>>>

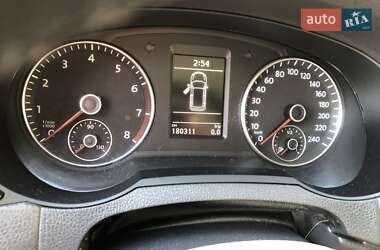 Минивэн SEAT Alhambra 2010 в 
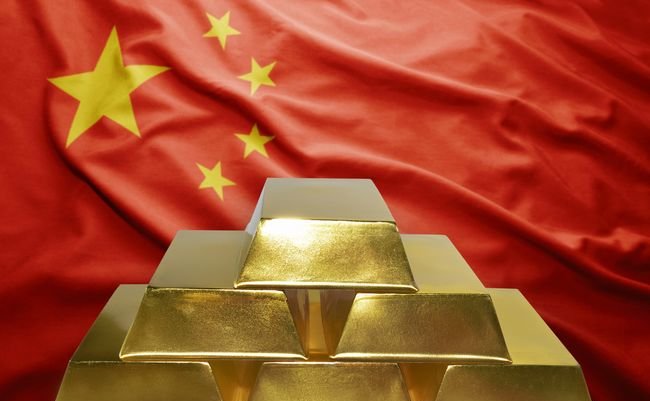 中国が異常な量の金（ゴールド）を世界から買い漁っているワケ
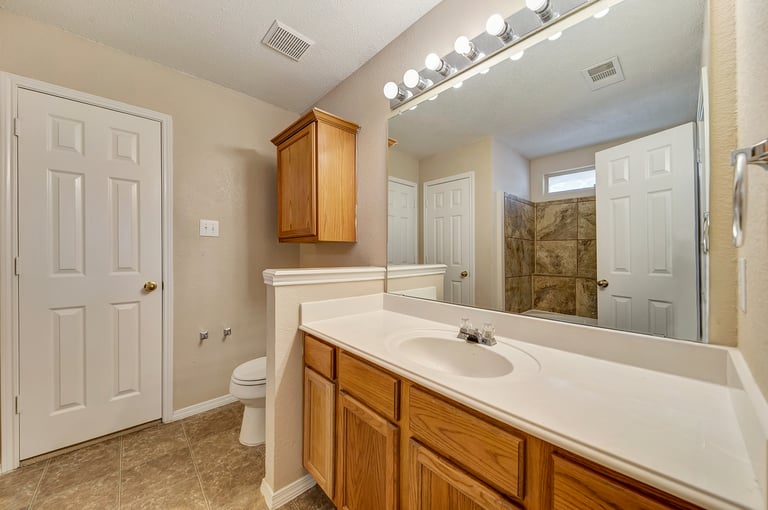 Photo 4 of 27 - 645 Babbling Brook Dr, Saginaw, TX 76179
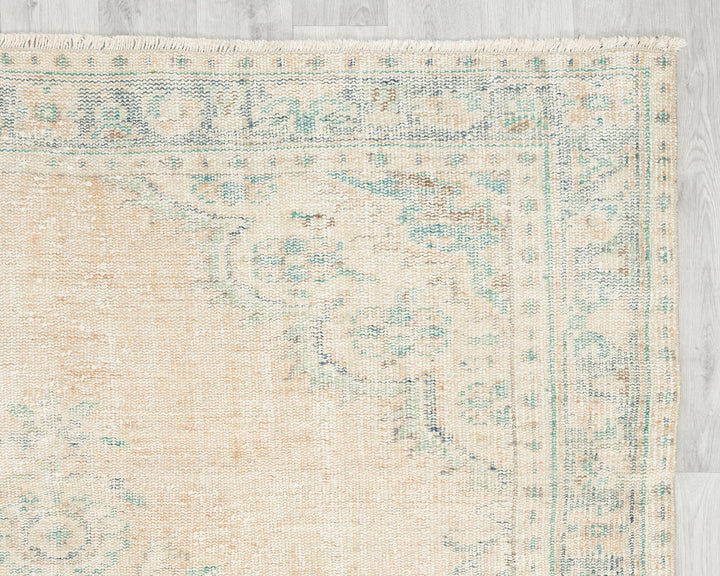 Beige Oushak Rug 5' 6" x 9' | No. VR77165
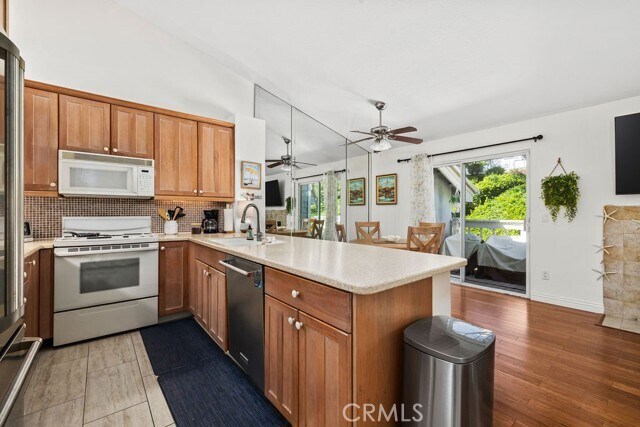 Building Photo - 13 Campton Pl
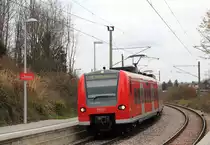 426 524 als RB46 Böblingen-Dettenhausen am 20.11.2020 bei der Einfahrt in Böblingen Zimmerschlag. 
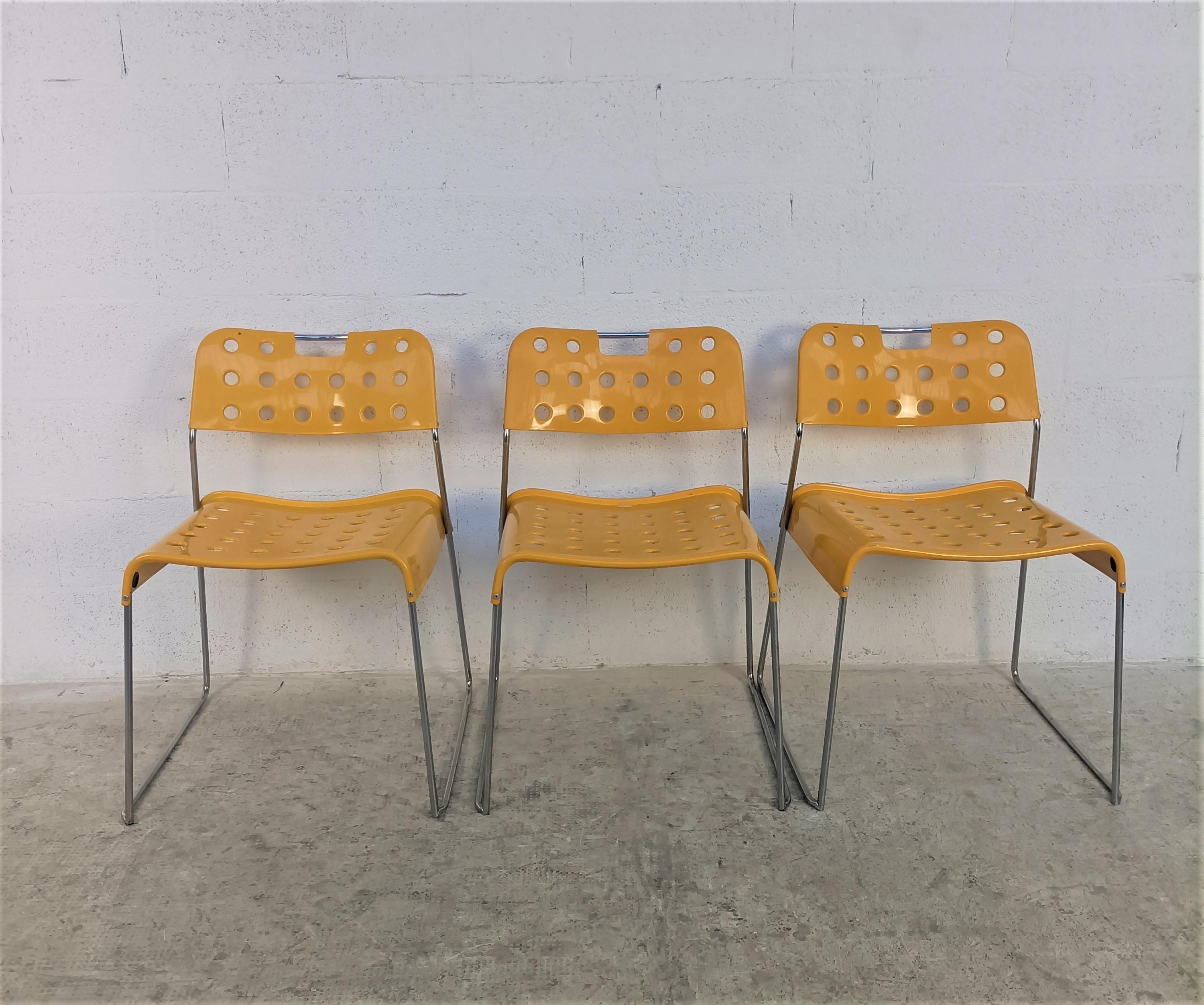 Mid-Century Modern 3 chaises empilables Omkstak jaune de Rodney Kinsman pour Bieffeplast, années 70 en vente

<<<

▶ [EXERCISE BRIEF] With the images omitted, return the full material exactly.

▶ [TASK RESULT]
 Минивэн SEAT Alhambra 2010 в 
 中国が異常な量の金（ゴールド）を世界から買い漁っているワケ
 Photo 4 of 27 - 645 Babbling Brook Dr, Saginaw, TX 76179
 Beige Oushak Rug 5' 6" x 9' | No. VR77165
 Building Photo - 13 Campton Pl
 426 524 als RB46 Böblingen-Dettenhausen am 20.11.2020 bei der Einfahrt in Böblingen Zimmerschlag. 
 Mid-Century Modern 3 chaises empilables Omkstak jaune de Rodney Kinsman pour Bieffeplast, années 70 en vente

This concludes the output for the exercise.